What you need to do: Every line from the one holding "3rd image of 36-04 Astoria Blvd S #2" to the end of the entries should be repeated exactly, with the pictures left out.

*** Information

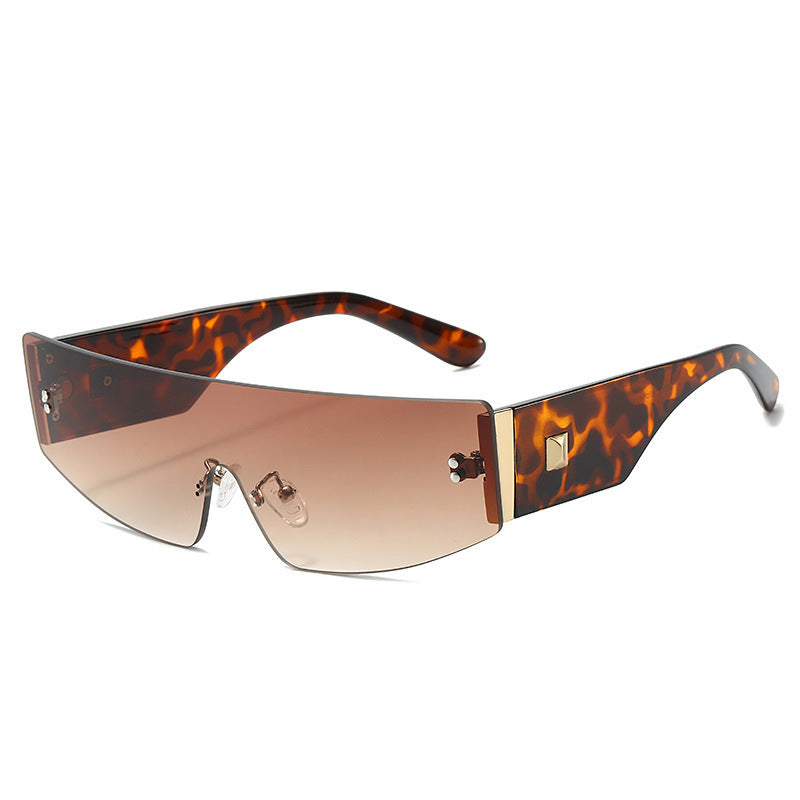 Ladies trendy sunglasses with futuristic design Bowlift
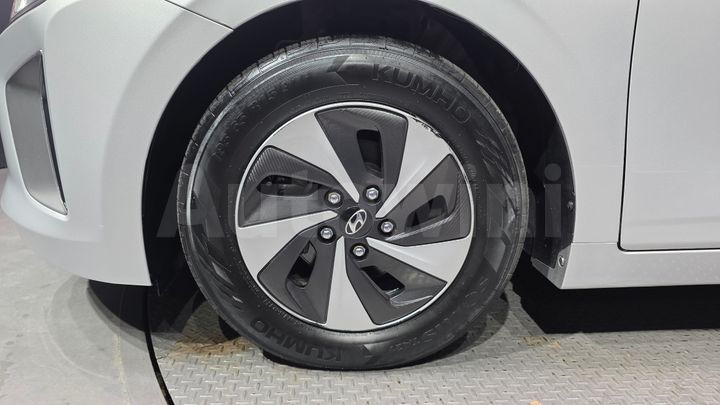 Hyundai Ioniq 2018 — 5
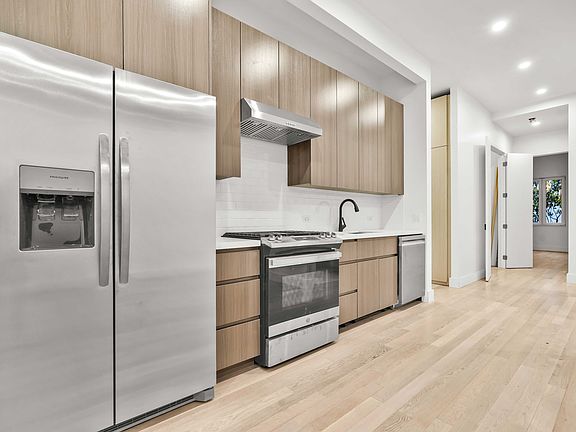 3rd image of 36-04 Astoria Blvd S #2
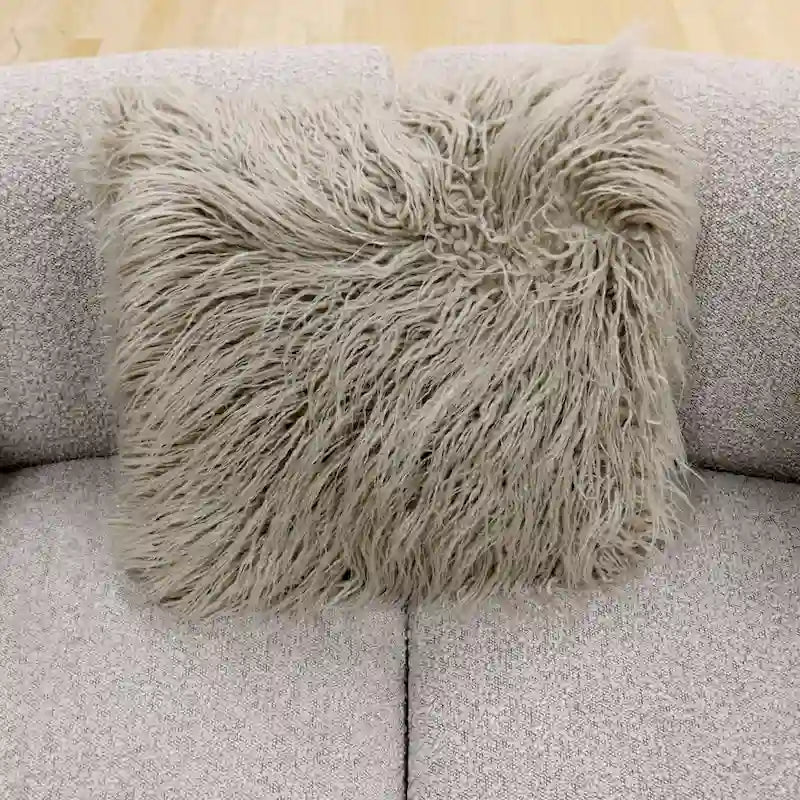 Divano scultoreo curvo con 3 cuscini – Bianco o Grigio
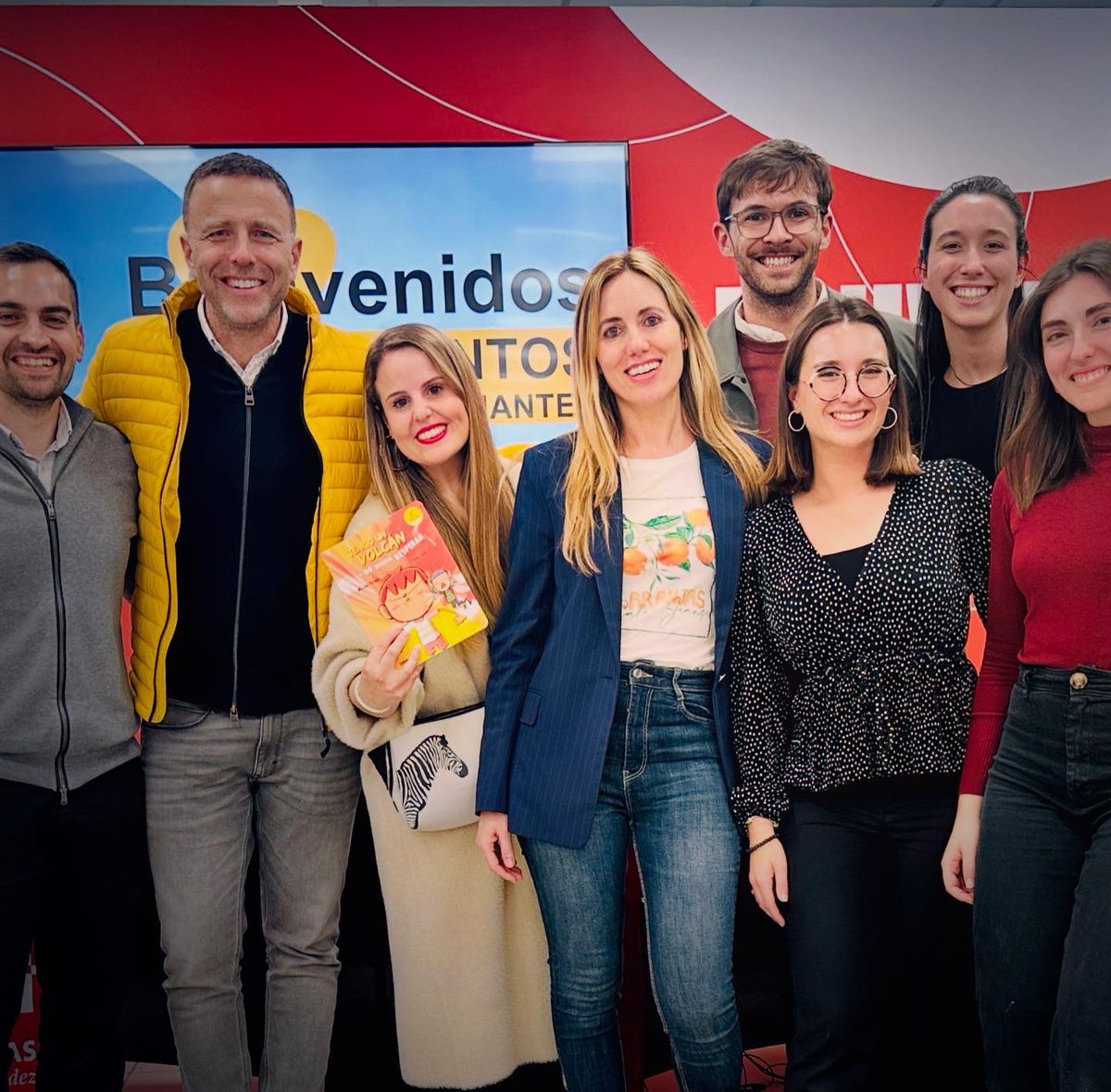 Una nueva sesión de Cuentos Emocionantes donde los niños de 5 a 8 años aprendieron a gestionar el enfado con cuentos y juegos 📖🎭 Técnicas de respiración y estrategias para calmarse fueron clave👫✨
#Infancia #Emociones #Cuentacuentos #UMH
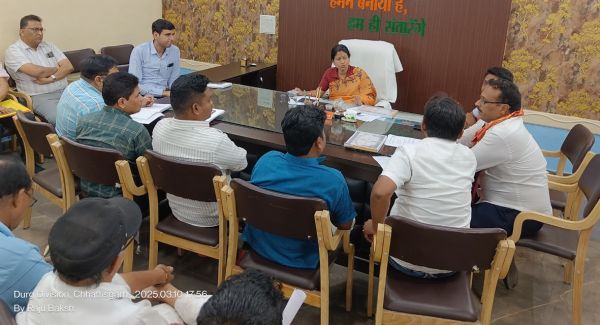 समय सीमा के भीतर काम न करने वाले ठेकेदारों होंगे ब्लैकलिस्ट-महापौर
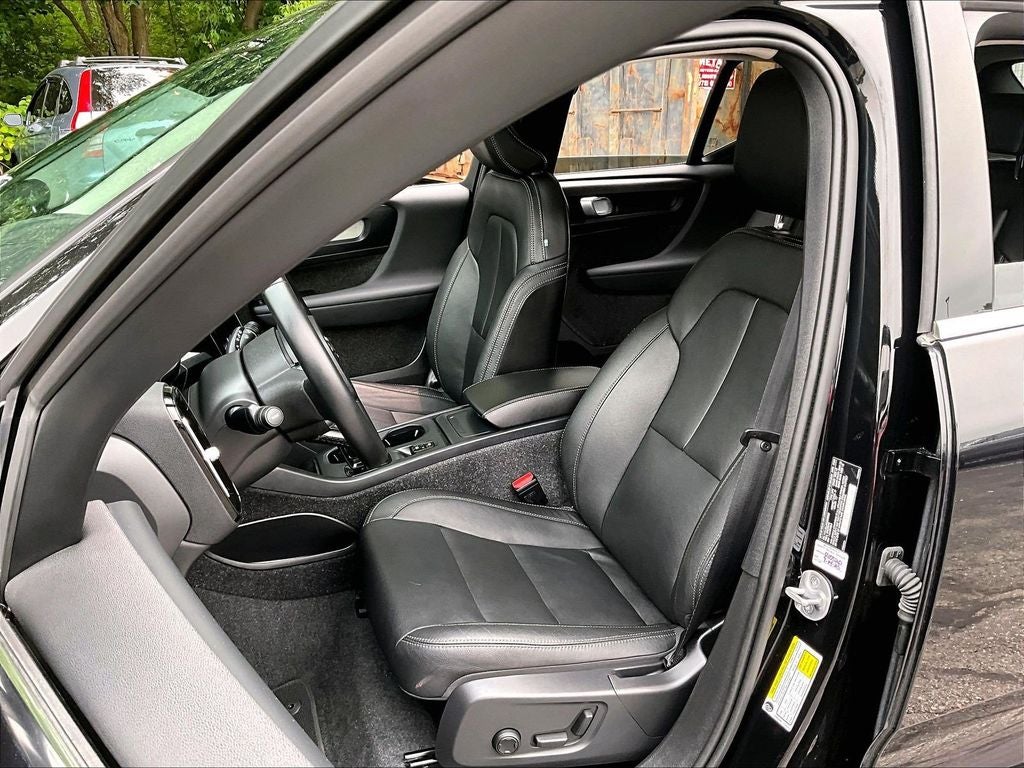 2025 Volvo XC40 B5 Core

******

Exercise answer:
 3rd image of 36-04 Astoria Blvd S #2
 Divano scultoreo curvo con 3 cuscini – Bianco o Grigio
 Una nueva sesión de Cuentos Emocionantes donde los niños de 5 a 8 años aprendieron a gestionar el enfado con cuentos y juegos 📖🎭 Técnicas de respiración y estrategias para calmarse fueron clave👫✨
#Infancia #Emociones #Cuentacuentos #UMH
 समय सीमा के भीतर काम न करने वाले ठेकेदारों होंगे ब्लैकलिस्ट-महापौर
 2025 Volvo XC40 B5 Core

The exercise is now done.